E-commerce giant Amazon (NASDAQ:AMZN) is expected to experience some ups and downs across its different segments this year, particularly in its crucial cloud computing unit, AWS, where investment firm Baird expects margins to fall. Five-star analyst Colin Sebastian predicts that AWS margins will drop to around 30% due to higher operating expenses for new data centers and infrastructure, along with an increasing mix of lower-margin GenAI workloads.

He notes that these GenAI workloads aren’t yet significantly boosting revenues and projects AWS revenue growth in the mid-to-high teens from 2024-27.

On the flip side, retail margins, when excluding advertising, are expected to return to low-single-digit growth over the next two years. Sebastian forecasts North American retail margins will reach 4% in 2023 and about 10% by 2027. International retail is also anticipated to achieve sustained profitability in the next two to three years.

Nevertheless, even with falling AWS margins, Amazon’s strong growth in advertising could cause its overall operating margins to improve and potentially lead to earnings per share figures that exceed estimates. In fact, advertising margins are expected to be around 50% to 60% and will be driven by solid growth from pricing and video ads.
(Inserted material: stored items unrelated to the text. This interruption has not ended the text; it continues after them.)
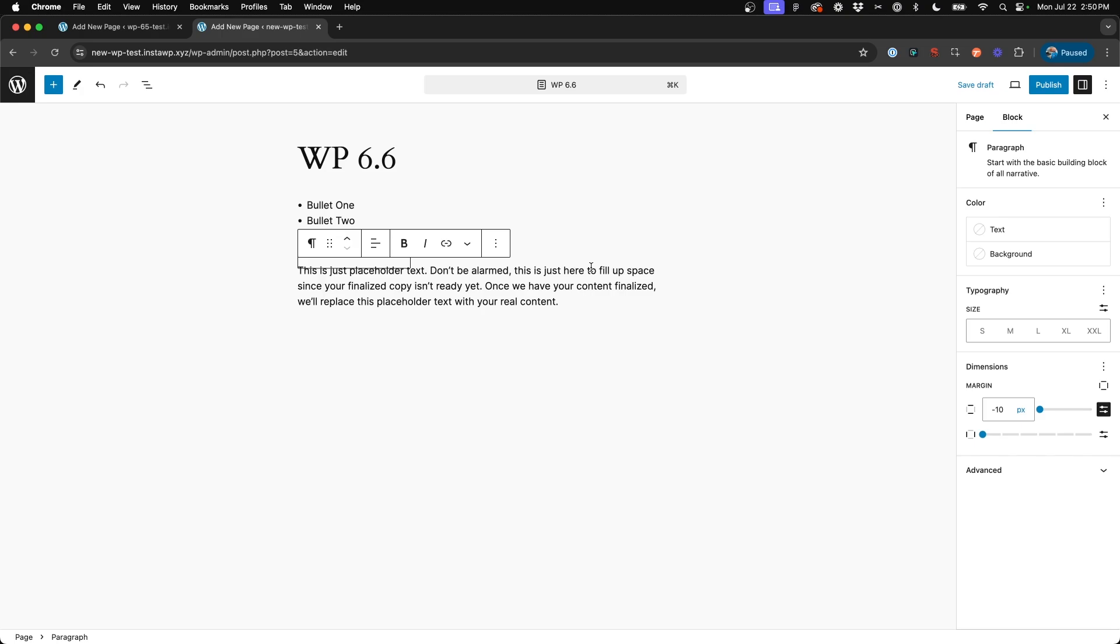So it's definitely a good improvement. Again, something that probably should have been there a long time ago, but nonetheless, a really great addition to the core blocks themselves. Now, of course, this really only touches the tip of the iceberg in the latest WordPress 6.6 update, as they did multiple other things with new accessibility improvements, pattern overrides, things for full site editing, and quite a bit more. Happy building, and we'll see you next time.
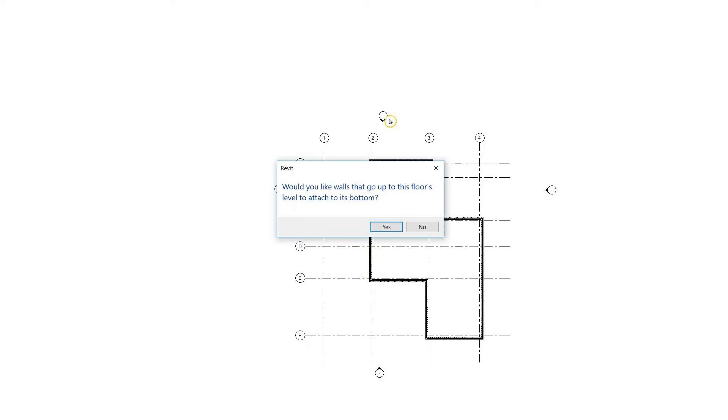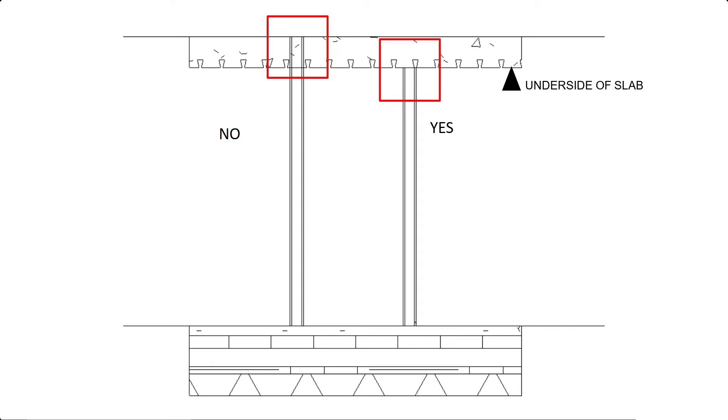Would you like your walls that go up to the floor level to attach to its bottom? So you can see that if I choose yes, it means that it will go to the underside of the slab. If I choose no, in that case it will cut through the slab and go to the upper level.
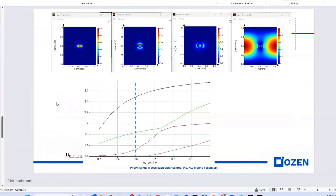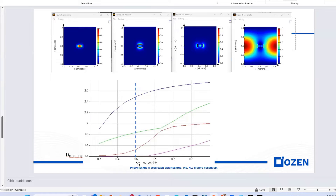If we change the width of the waveguide from 0.3 to 0.8 micrometers and plot the effective index versus width for different modes, selecting 0.5 micrometers for the width, we can see that just one supported mode exists at 0.5 micrometer width.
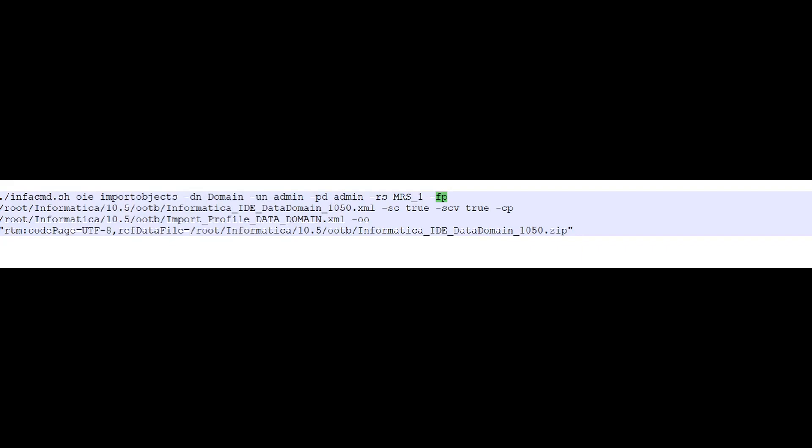-sv is used to skip source validation, and -sc is to skip connection validation. Then -cp is the control file path — provide the path where you created the control file. I've placed mine in the same location as the XML and ZIP files. Finally, -o specifies the reference data output location, and you also provide the code page for the reference data.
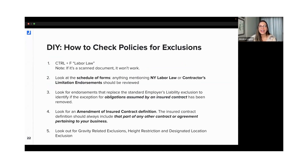Well, first of all, we just went through some examples. We wouldn't be able to cover every type of exclusion that would create an issue when it comes to New York labor law.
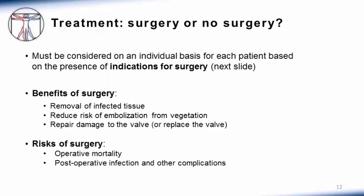When treating a patient for infective endocarditis, it is always important to consider whether the patient is a candidate for surgery. The question of surgery must be considered on an individual basis based on the presence of indications for surgery. The benefits of surgery are that infected tissue is removed, there is a reduced risk of embolization from the vegetation, and the valve is either repaired or replaced. The risks include operative mortality and postoperative infection or other complications related to hospitalization.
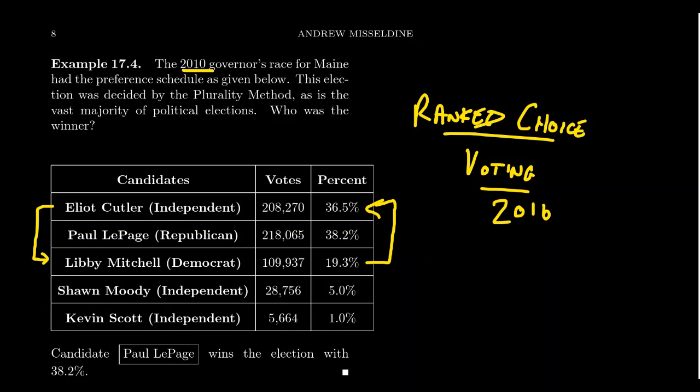And so with that, we're going to end Lesson 17. We'll talk about some more voting next time. If you did learn a lot about voting in these videos and the mathematics related to it, please like these videos, share them with friends or colleagues who might benefit, subscribe to the channel to see more videos like this, and if you have any questions, please post them in the comments below and I'll be glad to answer them as soon as I can.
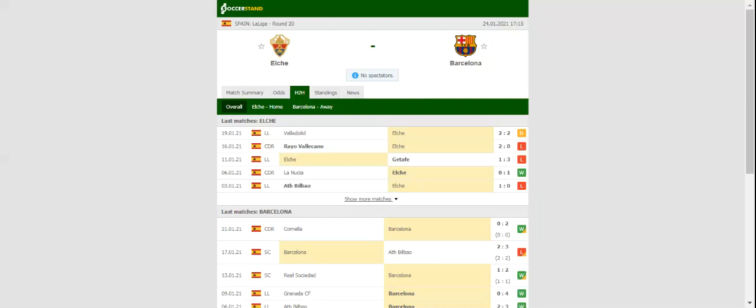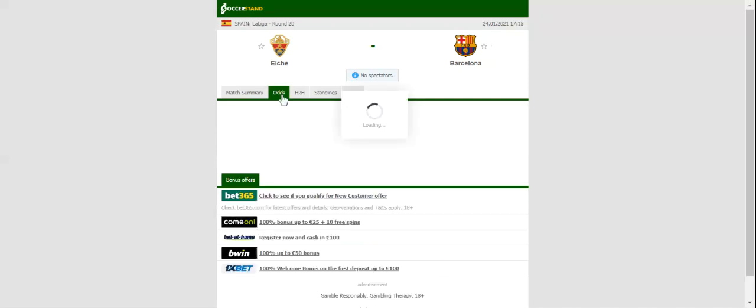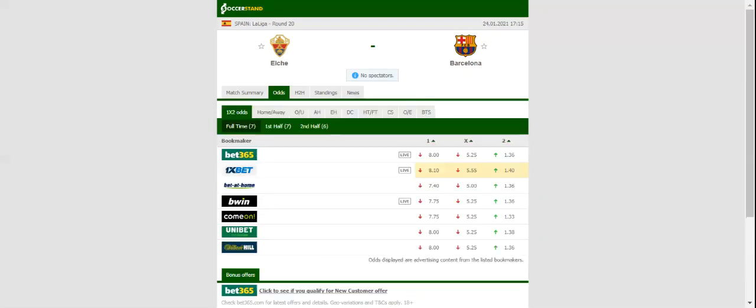Barcelona head into the match following a heartbreaking loss to Athletic Club in the Spanish Super Cup final, but Ronald Koeman's troops are still seen as hot favorites to win Sunday's clash.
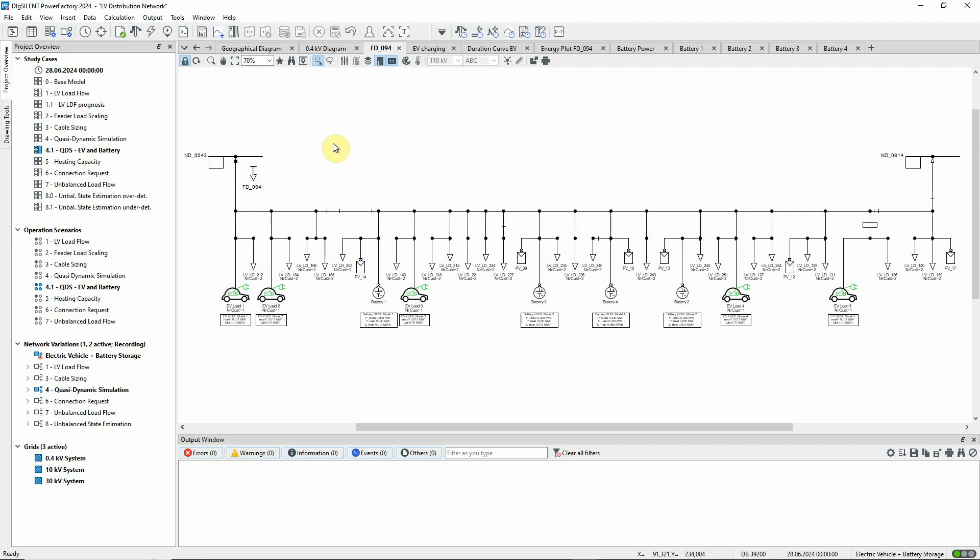We'll first look at how these elements work, then run the quasi-dynamic simulation to see their effect in the local network.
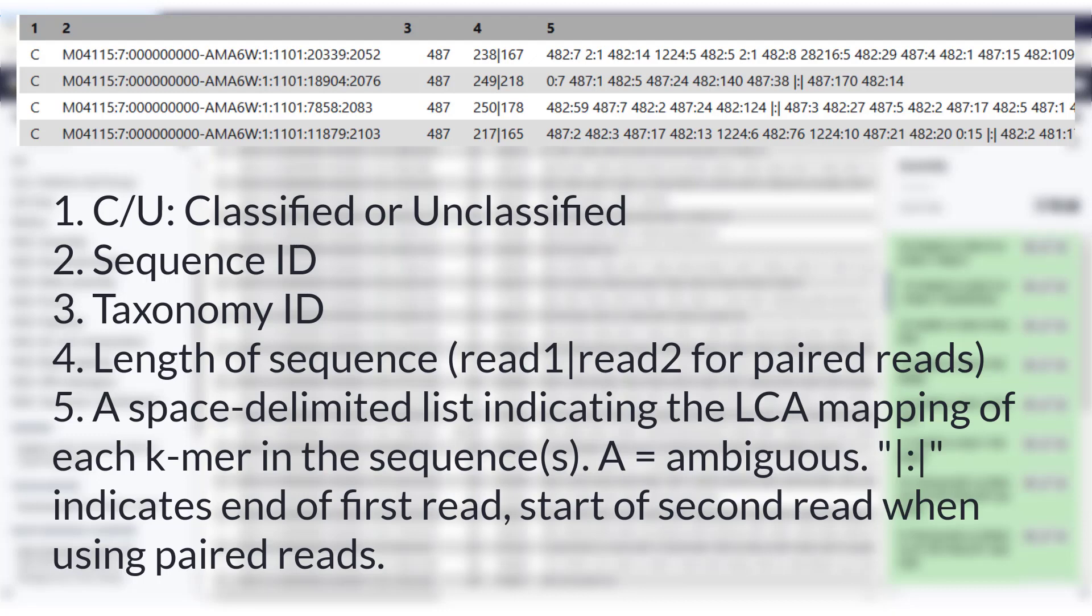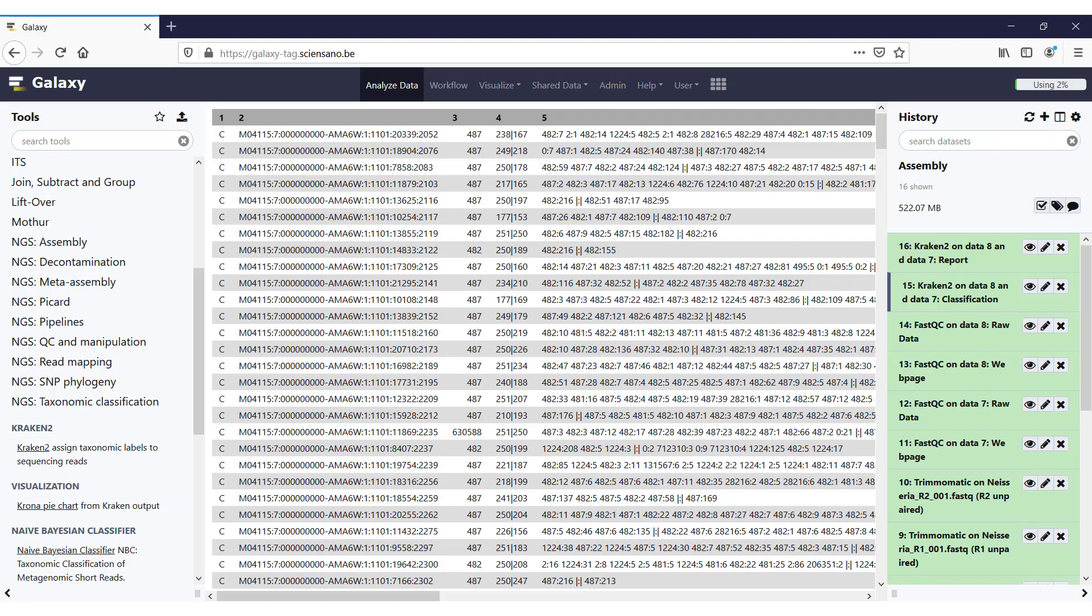And the fifth column shows you the mappings of the taxonomy. So in this case, if you look at the first line, it was seven k-mers assigned to taxon 482, one k-mer to taxon 2, 14 to taxon 482, and so on. And from this list Kraken will determine the best classification for this read. But as you can see, this is really hard to interpret.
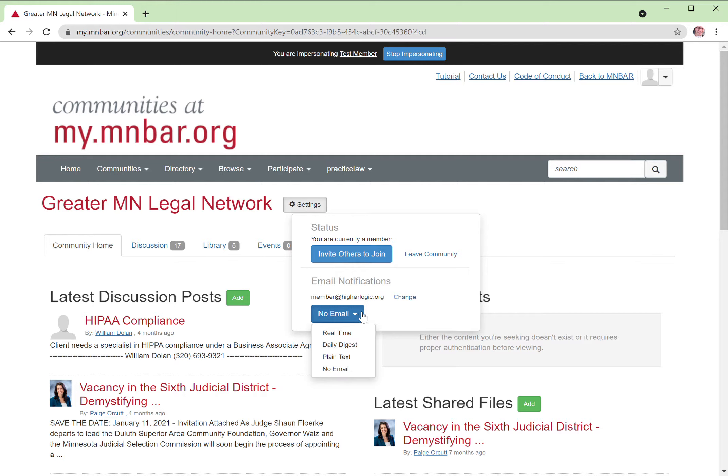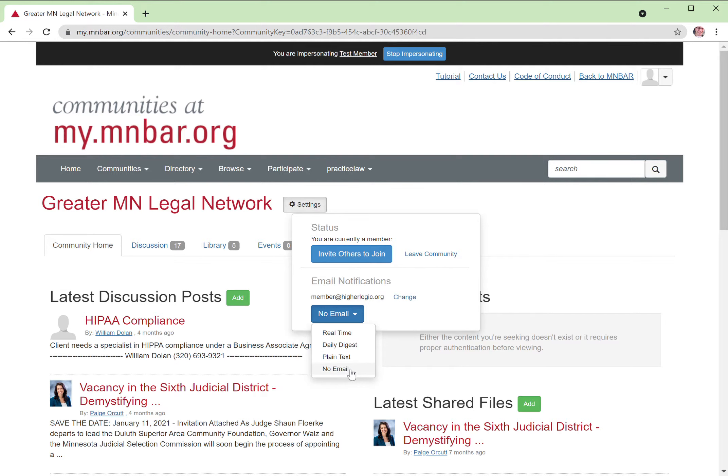Now there are three main settings here. I'm going to skip for purposes of this presentation plain text, but we'll talk about real-time, daily digest, and an option for no email.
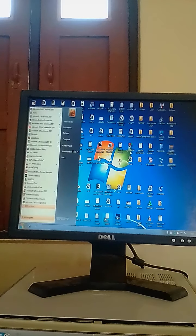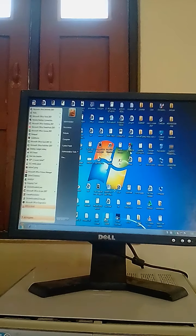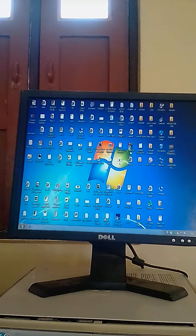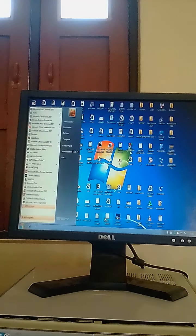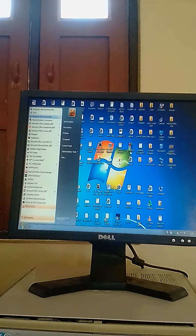Dear students, today we are going to learn a practical that is based on Microsoft Word. To open Microsoft Word, we should press the Windows key from our keyboard, bring the cursor on Microsoft Word 2007, and press Enter. When we apply these steps, Microsoft Word will be opened on our computer.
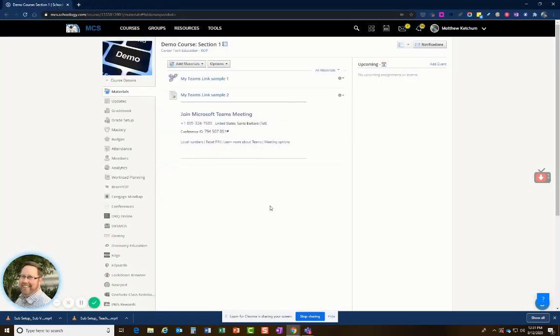And that is how teachers set it up, and subs use Teams within Schoology. Thank you.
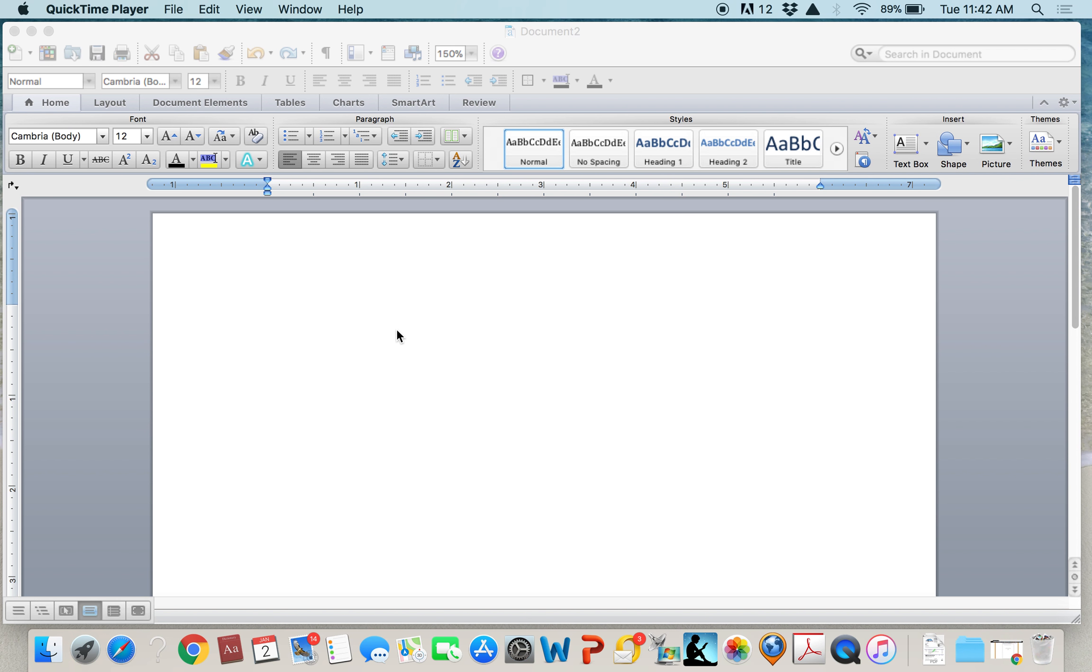This video will show you how to set up an APA document, including the title page, headers, page numbers, margins, and spacing.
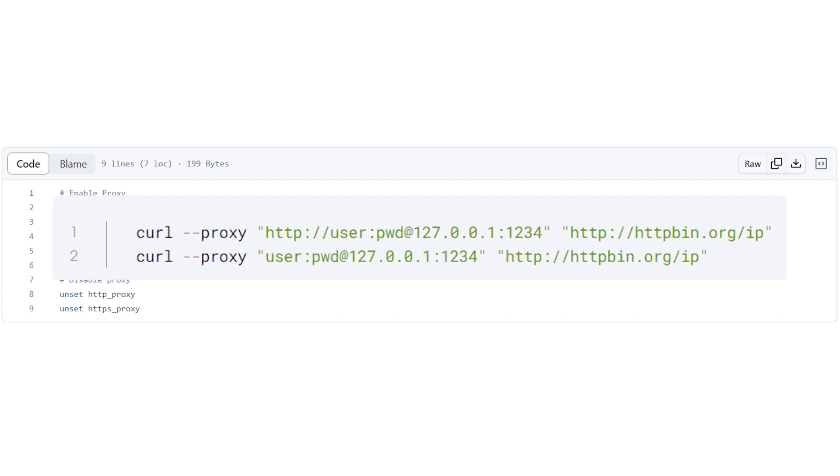There are multiple options available for setting a proxy. I will display them on the screen so you can choose the one that suits your needs. Once you have set all the necessary data, press enter. Remember to specify in the same command which resource you want to access using the proxy.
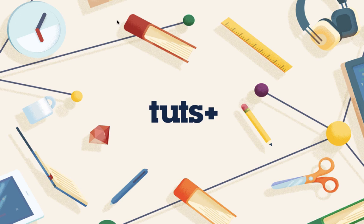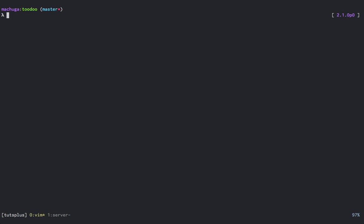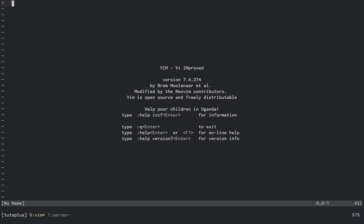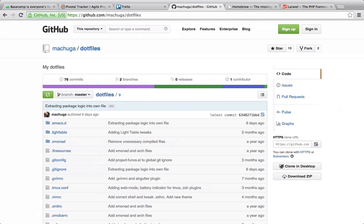Now let's go over the toolset for this course. My terminal emulator is going to be iterm2, and my shell is zsh. We'll be editing files in Vim, or more specifically NeoVim. If you'd like to see how I set up my shell or Vim, my .files are available on GitHub under Machuga slash .files.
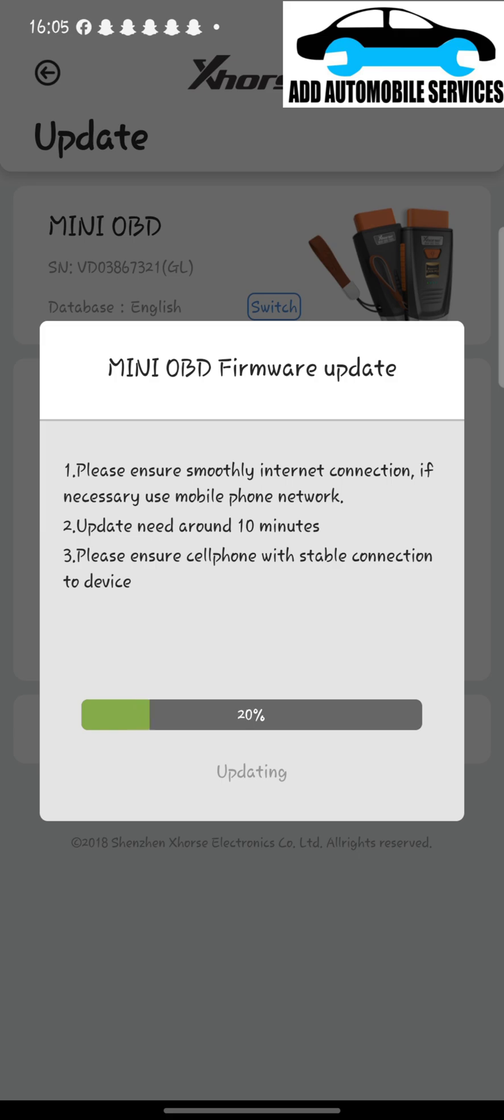I've not fast forwarded it. This is the real time and how many minutes it will take for you to do this update. It doesn't take much long, so I'll just wait for my XHORSE Mini OBD to update.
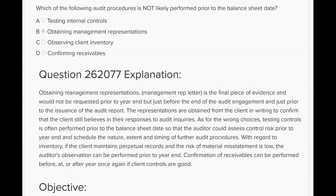Answer A says testing internal controls. Testing controls is very likely to be performed prior to the balance sheet date because it's a procedure that can be done any time during the year. An audit firm would not likely save it for the subsequent period when they can do it at interim dates. Observing client inventory — answer C — can be done anytime as long as the risk of material misstatement is assessed to be low.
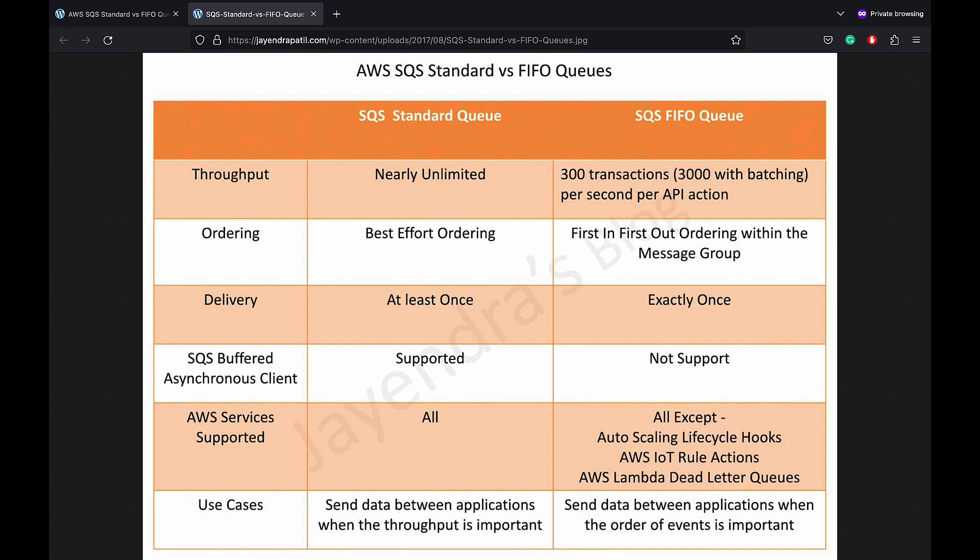Message Order: Standard queues provide best effort ordering which ensures that messages are delivered in the same order as they are sent. However, as SQS provides highly distributed architecture and redundantly stores the messages across multiple SQS servers that allows high throughput, there is a chance that more than one copy of the message might be delivered out of order.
It’s worth noting that, so far, Sebastian has enjoyed a 69% success rate on AMZN stock, with an average return of 20.29% per rating.

Is AMZN Stock a Good Buy?

Overall, analysts have a Strong Buy consensus rating on AMZN stock based on 42 Buys assigned in the past three months, as indicated by the graphic below. After a 43% rally in its share price over the past year, the average AMZN price target of $221.55 per share implies 18.59% upside potential.